Mobile Development
Augmented Reality

Building an AI-Based Texas Holdem Poker AR App

hands shuffling cards

X min read

12.6.2024

article content

At nomtek, we’re continuously looking for exciting ways to combine different technologies to build interesting products. This time, we used AI, AR, and mobile to create an experimental Texas Holdem Poker AR app that assists players.

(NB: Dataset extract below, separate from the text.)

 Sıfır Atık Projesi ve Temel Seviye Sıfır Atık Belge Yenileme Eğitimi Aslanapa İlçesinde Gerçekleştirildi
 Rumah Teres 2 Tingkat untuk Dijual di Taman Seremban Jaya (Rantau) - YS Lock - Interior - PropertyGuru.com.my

NOTE: The project is for experimental and educational purposes only. We don’t support gambling, as it carries a host of negative consequences for individuals and society.

Step #1: Main assumption

The main assumption was that the player will first set up the game state by using the mobile app:

  1. setting up how many players are playing
  2. who’s the dealer at the start

The app will be connected with AR glasses — they will be our system’s “eyes.” The app will then prompt AI asking for advice and a chance of winning.

The AR glasses in question are Lenovo ThinkReality A3 with a Motorola Edge+ supported by Snapdragon Spaces Dev Kit. We’ve been working with Snapdragon Spaces for over a year as participants in the Snapdragon Pathfinder program and contest (with our augmented reality StickiesXR app for Figma). Snapdragon Spaces features Dual Rendering Fusion for Unity SDK that adds additional functionality to mobile applications, letting them view 3D content on AR glasses.

Step #2: First iteration with only ChatGPT and why it didn’t quite work

At first we wanted to tackle the problem as easiest as we could. After creating the initial app and connecting it with the glasses, the app started to send prompts with the image of the current game state asking about the winning chance.

The first obstacle was of course the limitations of the openAI software, that avoids answering questions that might be harmful in any way, but with a little bit of prompt tuning it started to give us the answers we needed.

It’s worth noting that “for educational purpose” and “rounding up to the nearest ~10%” are important as the first one omits the Chat’s filter for gambling, and the second one helps when ChatGPT answers that it can’t calculate the exact chances.

What was wrong then? It seems like openAI’s software had a few problems recognizing the cards on the table based on an image. Our first thought was, Hey, there are pretty nice options to classify images without the help of the GenAI, so this might be a good opportunity to preprocess the data instead of asking for everything in one go, right?

We can also use a smaller embedded neural network model to do this job for us on the device itself. The answer here was YOLO (real-time object detection).

Step #3: Second iteration with embedded NN + ChatGPT

So we needed a YOLO model that would work on mobile devices. The YOLO itself isn’t trained to classify cards, so we also had to tune it up with additional training data. Surprisingly the good datasets were pretty easy to find, so we didn’t need to gather or generate the data by ourselves.

We used the dataset found on roboflow.

It consists of:

  • 21210 training images
  • 2020 validation images
  • 1010 test images

The dataset also had some preprocessing and augmentations applied that might benefit the training itself and it was already assembled in a way that YoloV8 could be used out of the box.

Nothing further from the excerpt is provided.